本発明のSnめっき剥離廃液からの銅の回収方法は、銅或いは銅基合金板の表面に形成されたSnめっきをめっき剥離液にて剥離した後のSnめっき剥離廃液から銅を回収する方法であり、前記めっき剥離液は硫酸濃度:5〜300g/Lであり、前記Snめっき剥離廃液はSnO又はSnO2濃度:1〜100g/LおよびCu濃度:30〜60g/Lであって、このSnめっき剥離廃液に芳香族スルホン酸、芳香族スルホン酸塩、アルキルアミン、芳香族カルボン酸、芳香族カルボン酸塩からなるグループから選択された少なくとも一つの添加剤を0.01〜10g/L添加し、さらにアルキルベンゼンスルホン酸、アルキルベンゼンスルホン酸塩からなるグループから選択された少なくとも一つの界面活性剤を0.001〜10g/L添加して表面張力を50dyn/cm以下に調整した後に、電気分解によって銅を析出させて回収することを特徴とするSnめっき剥離廃液からの銅の回収方法である。

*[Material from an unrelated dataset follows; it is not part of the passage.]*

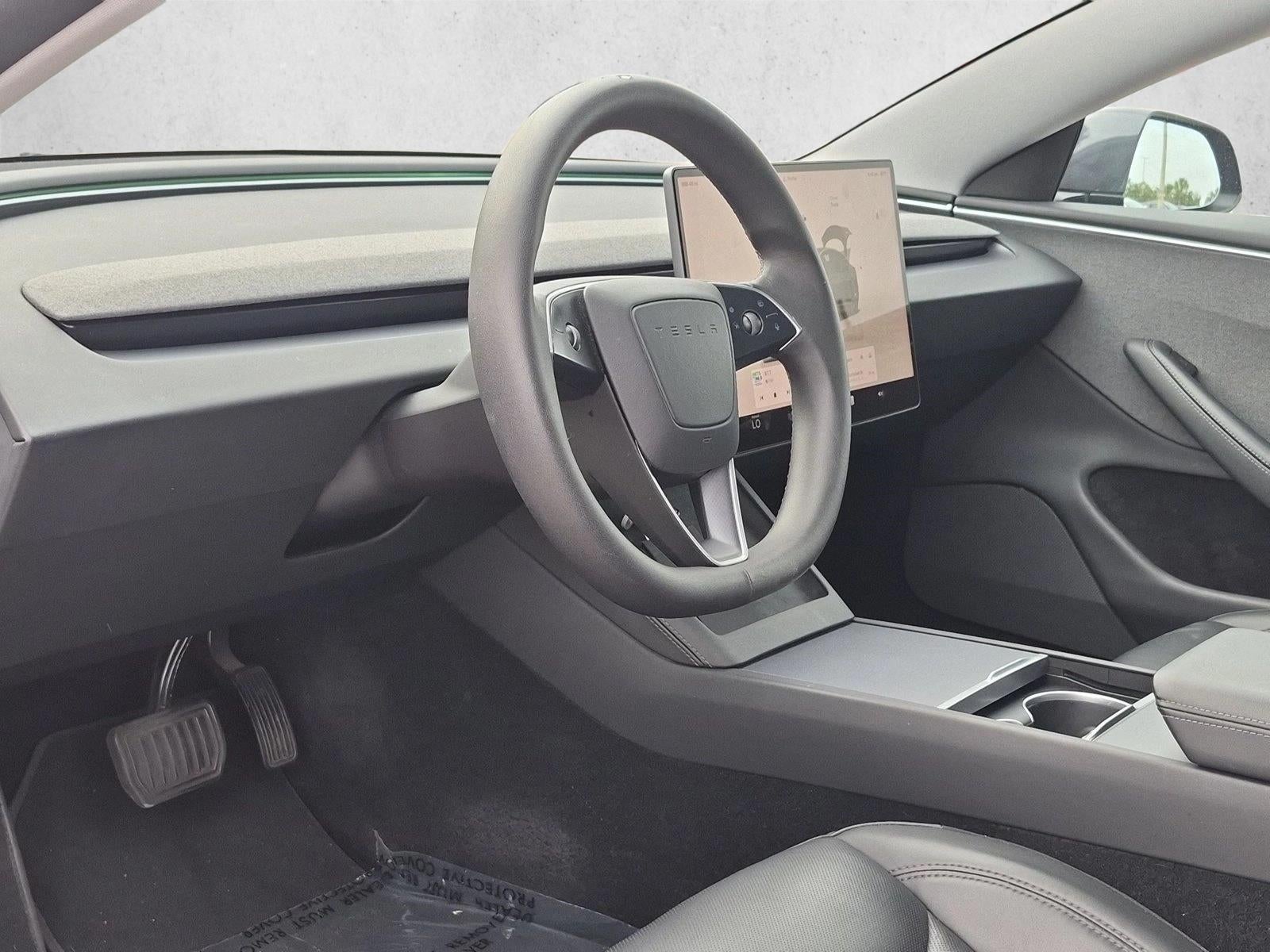 2024 Tesla Model 3 RWD *Ltd Avail*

本発明に適用される表面にSnめっきが形成された銅或いは銅基合金板は、種類や性状は問わない。また、Snめっきは、例えば、0.5〜5.0μmの厚みで銅或いは銅基合金板の表面に形成されたSn層及び/またはCuSn層を含むものを意味する。典型的なSnめっき層としては、銅或いは銅基合金板の表面にSnめっきを施したもの、或いは、銅或いは銅基合金板の表面に下地層としてCuめっきを施した後にSnめっきを施したものがある。更に、そのSnめっき後にリフロー処理などの熱処理を施してCuSn層(CuSn拡散層)が形成されたSn層とCuSn層からなるものがある。また、リフロー処理などの熱処理の熱処理条件によっては、Sn層が消滅し、Snめっき層がCuSn層のみとなる場合がある。CuSn層とはCuとSnの金属間化合物および/またはCu又はSnが母相に固溶した層である。通常では、Sn層とは、熱処理していないSnめっきや、Snめっき後にリフロー処理等の熱処理をした後CuSn拡散層とならなかった残存Sn層などを指し、Sn層は概ねSnの含有率が90%以上である。

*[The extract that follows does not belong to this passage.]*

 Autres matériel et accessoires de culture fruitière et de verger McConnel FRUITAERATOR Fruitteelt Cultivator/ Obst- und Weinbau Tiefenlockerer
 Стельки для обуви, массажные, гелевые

本発明において用いるSnめっき剥離液の硫酸濃度は5〜300g/Lが好ましい。硫酸濃度が5g/L未満ではSnめっきの剥離効果が低下し、また、電気分解時に、Cuイオンが水酸化物として析出し易くなり、銅が陰極上にハンドリン性の悪い粉状の析出物として形成され易くなるので好ましくない。一方、硫酸濃度が300g/Lを超えると、Snめっきの剥離効果が飽和してコスト的に無駄となると共に、電気分解時にCuイオンが飽和溶解度を超えて、硫酸銅が剥離廃液中に析出するので好ましくない。
Snめっき剥離廃液に含まれるSnO又はSnO2濃度は1〜100g/Lが好ましい。この濃度が1g/L未満では、Snめっきが十分に剥離されていないので好ましくない。一方、この濃度が100g/Lを超えると、電気分解時に、Sn酸化物が陰極上に取り込まれるようになり、また銅の析出形態が粗雑な粉状となり、さらに硫酸が陰極に取り込まれるので好ましくない。

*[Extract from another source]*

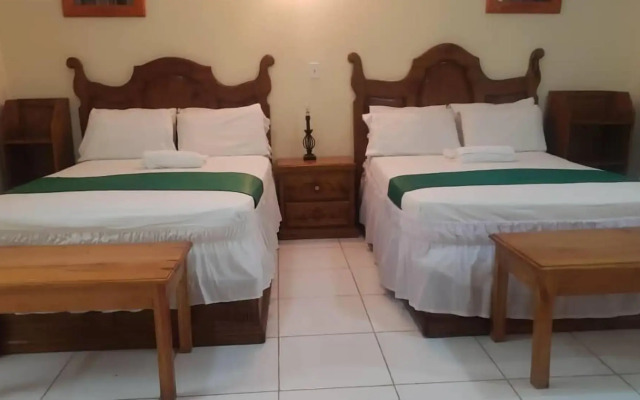 PC ENTREPRISES Hotel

Snめっき剥離廃液に含まれるSnは、スラッジ状のSnO又はSnO2と共に、2価イオン又は4価イオンの形態で共在している場合もあり、その際は、イオン濃度は、0〜50g/Lであることが好ましい。Snイオン濃度が50g/Lを超えると、電気分解時に、Snが陰極上に共析するようになり、銅の析出形態が粗雑な粉状となり、硫酸が陰極に取り込まれるので好ましくない。
Snめっき剥離廃液のCu濃度は30〜60g/Lが好ましい。Cu濃度が30g/L未満では電流効率が減少し、60g/Lを超えると飽和溶解度近くになり、電気分解時に、硫酸銅が電解液中に析出して無駄となる。
本発明では、Snめっき剥離廃液に特定の芳香族化合物が添加される。具体的には、上記Snめっき剥離廃液に、芳香族スルホン酸、芳香族スルホン酸塩、アルキルアミン、芳香族カルボン酸、および芳香族カルボン酸塩からなるグループから選択された少なくとも一つの添加剤が添加される。Snめっき表面に付着した機械加工による加工油によってSnめっき剥離廃液が汚染されていても、この剥離廃液に上記添加剤を加えることによって電気分解時に、ハンドリング性の良好な再生原料として利用可能な銅を陰極上に析出させる効果がある。上記添加剤の添加量は0.01〜10g/Lが好ましい。この添加量が0.01g/L未満ではSnが陰極上に共析するようになり、銅の析出形態が粗雑な粉状となり、硫酸が陰極に取り込まれるため望ましくない。一方、上記添加量が10g/Lを超えると、効果が減少する傾向が見られる。
さらに、本発明ではSnめっき剥離廃液に特定の界面活性剤が添加される。具体的には、上記Snめっき剥離廃液に、アルキルベンゼンスルホン酸、アルキルベンゼンスルホン酸塩からなるグループから選択された少なくとも一つの界面活性剤が添加される。この界面活性剤はSnめっき剥離廃液中でも化学的に安定であり、長期間にわたり表面張力を下げてミストの飛散を防止する効果が得られる。特に、電気分解時に、陰極から発生する酸素ガスに起因する大量の硫酸ミストの飛散を防止し、ハンドリング性の良好な再生原料として利用可能な銅を陰極上に析出させる。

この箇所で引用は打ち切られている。